Ramai di media sosial video tentang seorang oknum berpakaian polisi brimob membanting kucing ke dalam parit. Dari video berdurasi 19 detik itu, ditengarai ia mengeluhkan ulah kucing yang buang kotoran sembarangan. Sedangkan setelah melalui penyelidikan, diketahui pelaku kesal lantaran kucing tersebut merebut makanannya.
Sontak video tersebut mengundang riuh amarah warganet, baik pecinta kucing maupun bukan. Menyiksa atau menyakiti hewan domestik seperti anjing atau kucing memang tidak dibenarkan. Apalagi dengan seragam yang dikenakan oleh pelaku tersebut, jadi mencoreng citra instansi terkait.
Bahkan belum lama dari ini, jagad maya sempat dibuat murka dengan kelakuan tiga perempuan yang menginjak anak kucing hingga kehilangan nyawanya. Peristiwa semacam ini membuat netizen mempertanyakan di mana nurani pelaku.
Selain itu, mengapa seseorang bisa begitu tega menyakiti hewan? Misalnya dengan sengaja membanting atau menginjak kucing. Atau bahkan dengan bangga menunjukkan hasil buruan berupa hewan-hewan eksotik yang dilindungi, seperti yang beberapa tahun lalu marak muncul di media sosial. Ternyata, hal tersebut ada penjelasan ilmiahnya, Sobat Boombastis.
Kecenderungan psikologis orang yang menyiksa hewan
Ternyata kecenderungan seperti ini tak lepas dari faktor psikologis seseorang. Di mana perilaku bisa jadi merupakan buah dari apa yang mengakar dalam pikiran. Menurut Canadians for Animal Welfare Reform, bahkan ada dua jenis penyiksa binatang, yakni yang pasif (misalnya menyekap dan menelantarkan, tidak memberi makan dalam waktu lama) hingga yang aktif di mana tujuannya memang ingin menyakiti hewan tersebut.
Kemungkinan pelaku pernah mengalami penindasan/kekerasan
Psikolog Yulius Steven, M.Psi dari Sahabat Karib pada Medcomm, pernah menuturkan bahwa salah satu dorongan orang melakukan kekerasan pada hewan yang lebih lemah adalah untuk merasa lebih superior.
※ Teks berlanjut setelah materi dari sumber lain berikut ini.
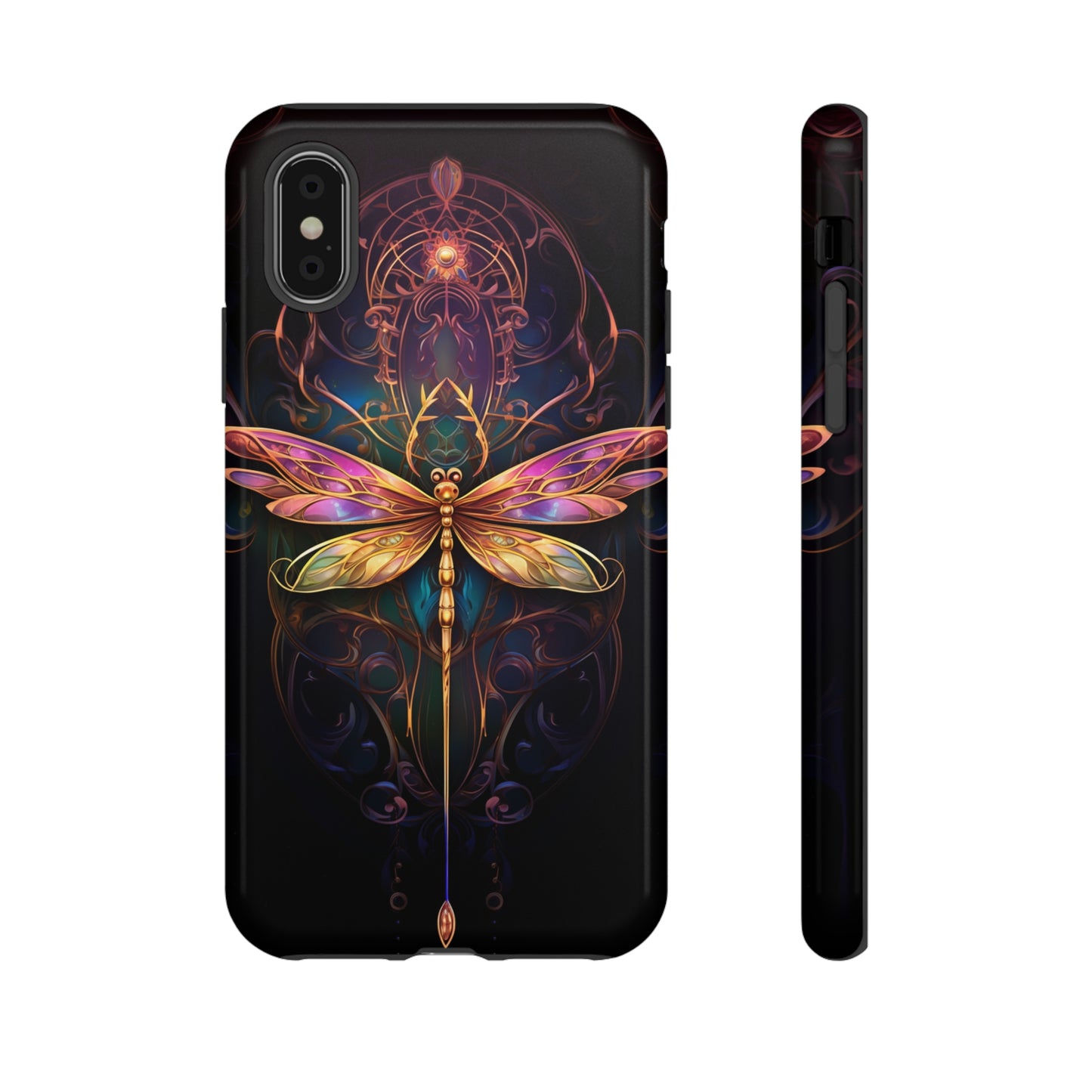 Art Nouveau Dragonfly - A Timeless Symbol of Elegance for Google Pixel, iPhone, and Samsung Cases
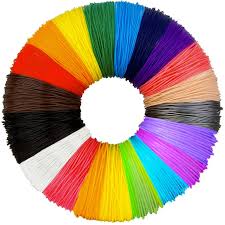 Filamenti PLA 3D - 20 pz. x 3m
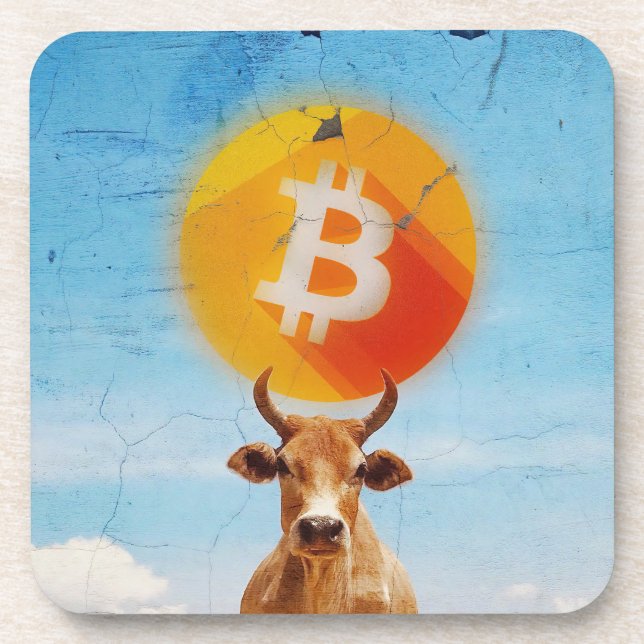 Porta-copo Bitcoin Resilient Bull (Frente)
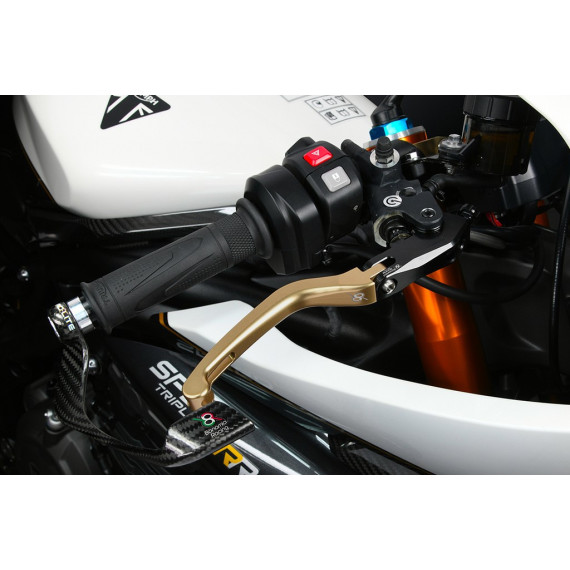 Aluminum levers kit Triumph Speed Triple 1200 RR 22-23 - Street Triple 765RS 23-23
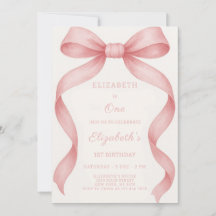 Bowtiful Birthday Invitation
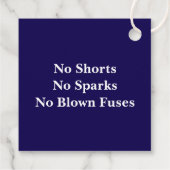 Electrical Technology Graduation Geschenkanhänger (Rückseite)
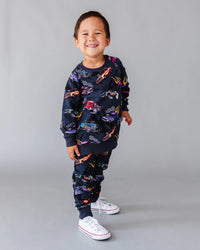 Baby Kids Bamboo Pajamas — Fast Track Jogger Set — Image 1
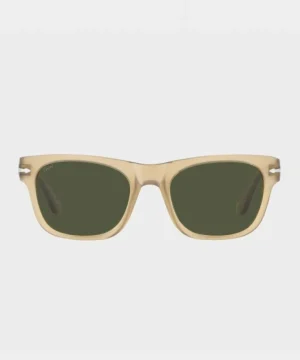 Shop Persol PO3269S in Beige Blue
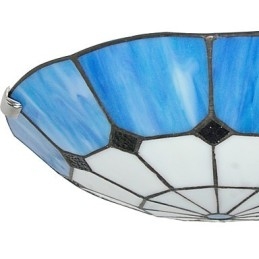 Plafonniers de style méditerranéen, luminaires chaleureux, diamètre 40 cm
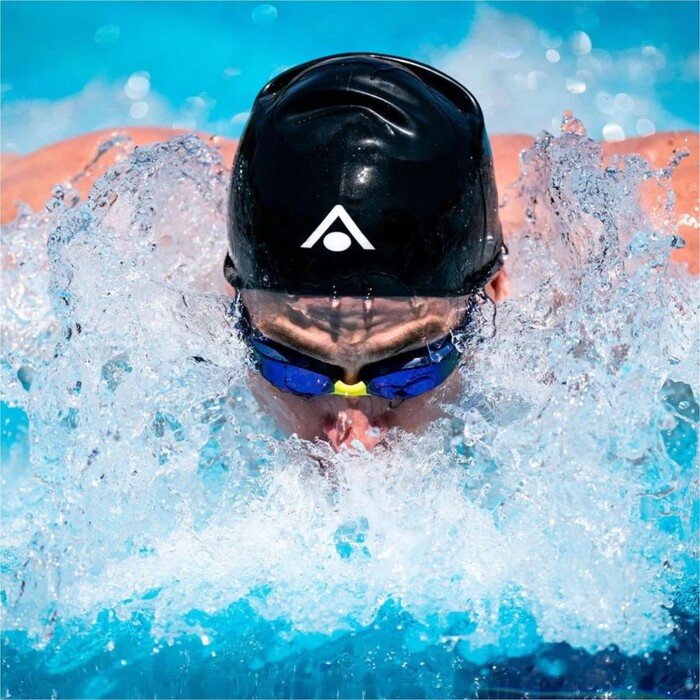 2024 Aquasphere Xceed Racing Schwimmbrille EP3200404LMB - Blau Titan Verspiegelt / Navy Blue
Ada kemungkinan bahwa pelaku sendiri pernah mengalami penindasan atau sikap brutal dari orang lain. Oleh karena itu, pelaku memilih menyakiti hewan sebagai bentuk pelampiasan. Hal ini perlu segera ditindaklanjuti karena berpotensi melebar dampaknya, misalnya KDRT pada pasangan atau anak jika di lingkungan terdekat.
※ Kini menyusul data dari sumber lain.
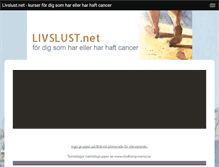Tablet Screenshot of livslust.net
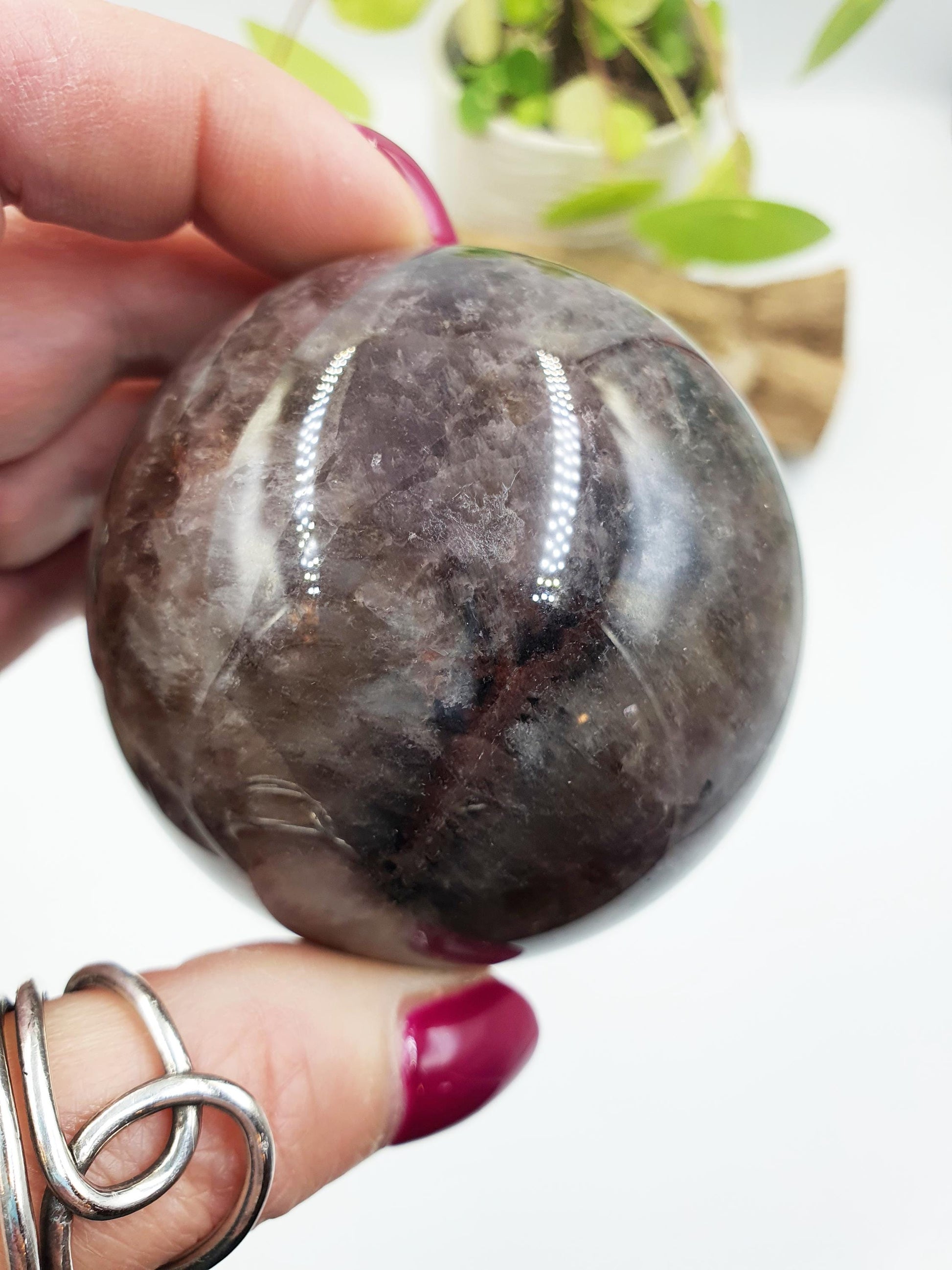 Auralite-23 Sphere - Ancient Wisdom, Intuition & Spiritual Awakening Healing Crystal Ball, 64mm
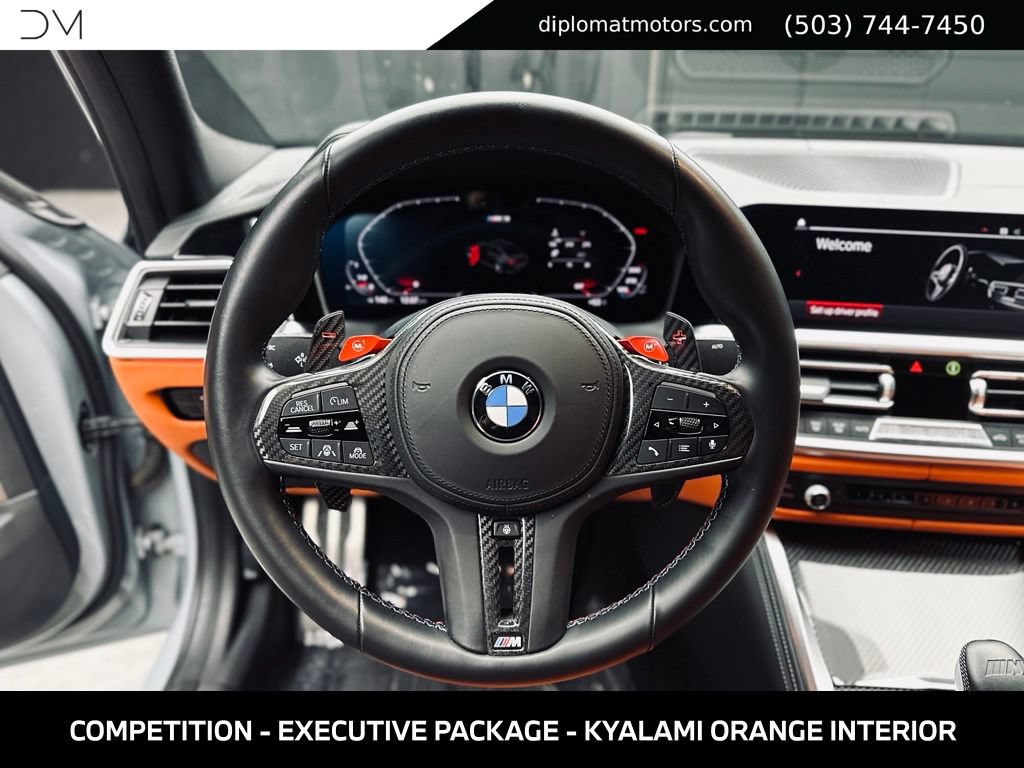 Used 2022 BMW M3 Competition w/ Executive Package AWD/4WD image 29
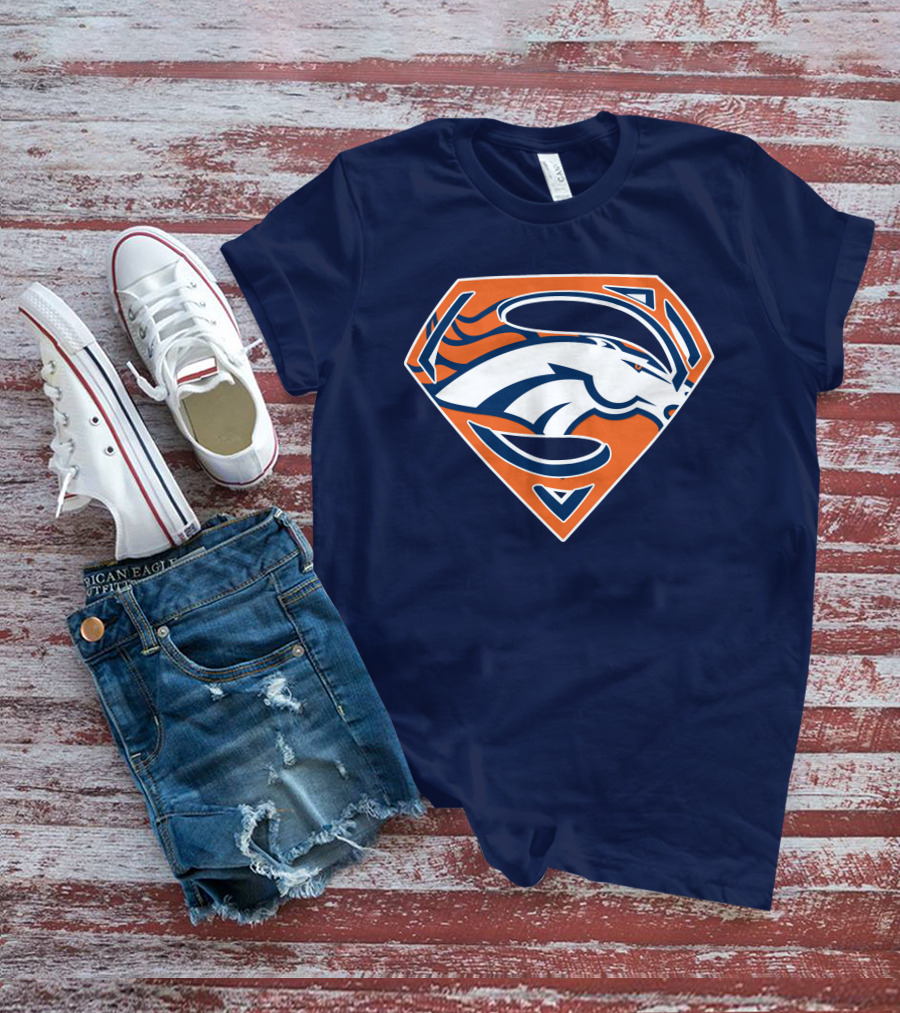 Denver Broncos Superhero Logo T-Shirt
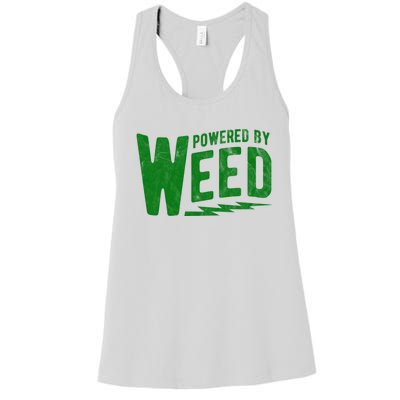 Powered By Weed Women's Racerback Tank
Indikasi anti sosial dan psikopat
Dr. Philiph Kavanagh pernah mendalami studi di mana sifat psikopat berhubungan dengan niat seseorang yang tidak segan menyakiti hewan. Beberapa kisah nyata di mana kasus pembunuh berantai berkaitan dengan perilaku menyakiti hewan adalah pada kasus Jeffrey Dahmer dan Mary Bell. Keduanya memiliki riwayat menghabisi dan memutilasi hewan atau mencekik merpati hingga mati di saat masih kanak-kanak.
Meski tidak selalu, tapi perilaku menyiksa atau menyakiti binatang menjadi salah satu indikasi adanya Anti social personality disorder. Misalnya saat ia mulai acuh pada norma yang berlaku di lingkungannya, hingga yang mengkhawatirkan adalah pelaku mulai berani menyakiti orang lain di sekitar tanpa merasa bersalah setelahnya.
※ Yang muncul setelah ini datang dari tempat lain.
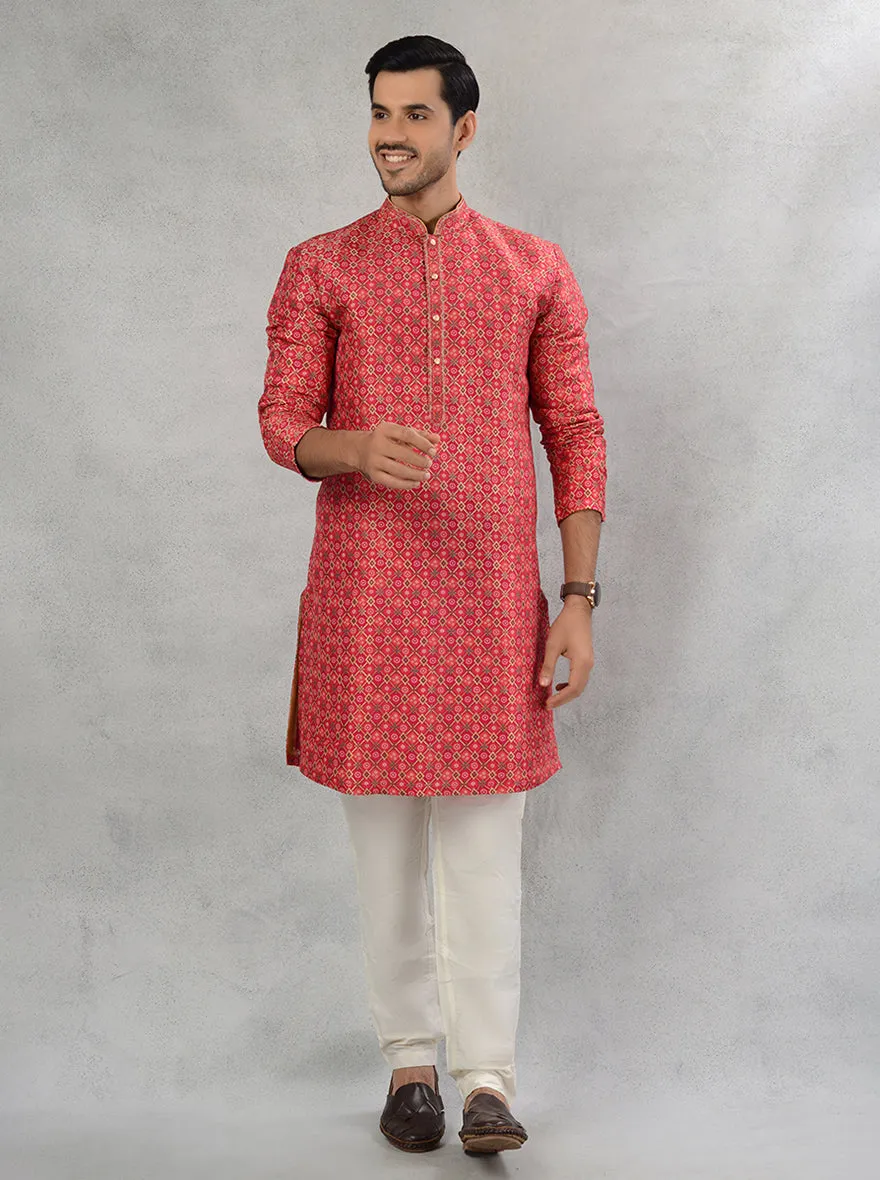 Pink Gold Kurta Pajama | TULA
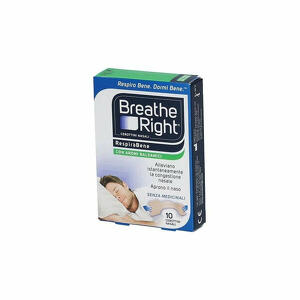 Con aromi balsamici - Breath Right Cerotti Nasali Balsamici 10 pezzi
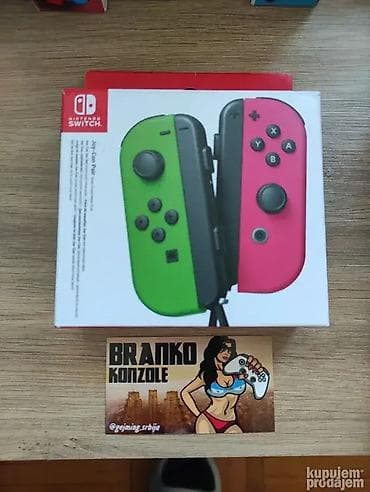Joy-Con Pair Neon Green/ Neon Pink
Novo, original na lalafo.rs — 1 Joy-Con Pair Neon Green/ Neon Pink
Novo, original — 1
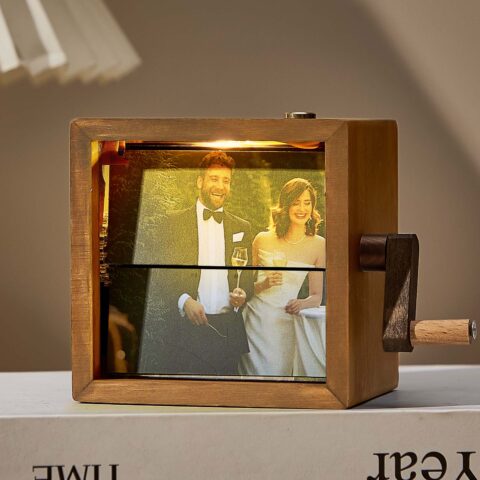 Custom Photo Flipbook Frame Animation Machine Mechanical Hand-cranked Flipbook Box Photo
Kondisi seperti ini perlu menjadi perhatian orang-orang terdekat. Misalnya orang tua kepada anak yang menunjukkan sikap atau perilaku tersebut, atau kasus kekerasan pada pasangan, baik yang masih pacaran hingga sudah menikah.
Kondisi ini memerlukan pemantauan, pertolongan dan pendampingan sedini mungkin dari ahlinya serta didukung oleh lingkungan yang suportif. Karena dengan demikian bisa mencegah adanya potensi yang bersangkutan menjadi lebih agresif.